In this passage, the narrator, who until now has remained unnamed and unidentifiable, defines herself as “me, a woman from the New World.” We now know that the narrator is female and that she is from America, often referred to as the New World. Moreover, the passage tells us that she Rafael “will meet” her, and since we already know of Anna and Rafael’s affair, the passage implies at this point that the “me,” or narrator, can only be Anna. But who is this Anna, and what is her relationship to “these children”?
There are many “children” that the passage identifies. The first child is “the girl” that can only be Anna. Earlier in the novel it was Anna who ran away from home with the help of a trucker. The narrator refers to her only as “the girl,” never naming her in the way that she names the other children. The girl is “hardly able to speak” which suggests that the girl must find other ways in which to communicate. Thus, the passage implies that it is through her imaginative writing that Anna finds her means of expression. Instead of talking, the girl “listen[s].” Anna, as the girl, learns to take heed of people’s stories in order to incorporate them into her writing. By including herself in her speculations about her characters, Anna highlights her own creative method. It is a method that entails the writer’s alienation from his or her self. As the narrator tells us on the first page of the novel, “For I have taken myself away from who I was with them, and what I used to be.” Fiction writing is Anna’s means of stepping outside of herself. Just as the children and the fathers in this novel recreate families to replace the ones they have lost, so, too, the writer—Anna—creates them as a function of her own unnamed loss.

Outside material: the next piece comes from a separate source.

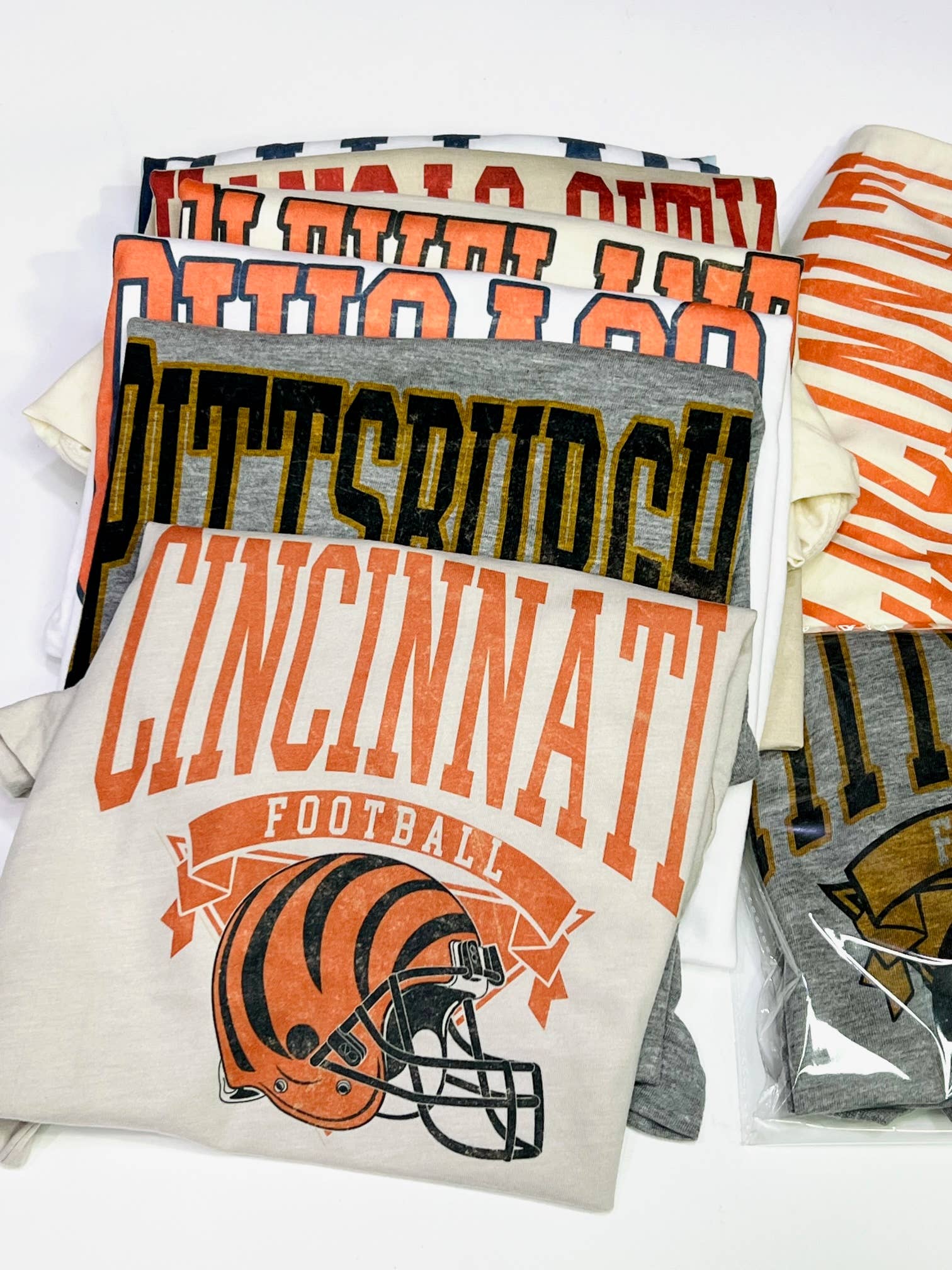 Par.tees by Party On! - Wholesale Screen Printed T-Shirt - Women's - Football Team Vintage Hometown retro Game Day Graphic Tee8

Since Anna is both the narrator and a character, it is not without reason that she takes the place of the “he” at the beginning of the passage. “He” is a character, a father of children. These children are very much in fact characters who Anna “nurtures” into existence. She develops and cares for her characters much like the father cares for his children. He does not know “what becomes” of his children once they have left him. He does not know how they are received in the world, whether they are loved or hated, or even known. So, too, the passage implies, the writer of fiction ultimately disowns her beloved characters, setting them in motion in an imaginative landscape she only partly controls.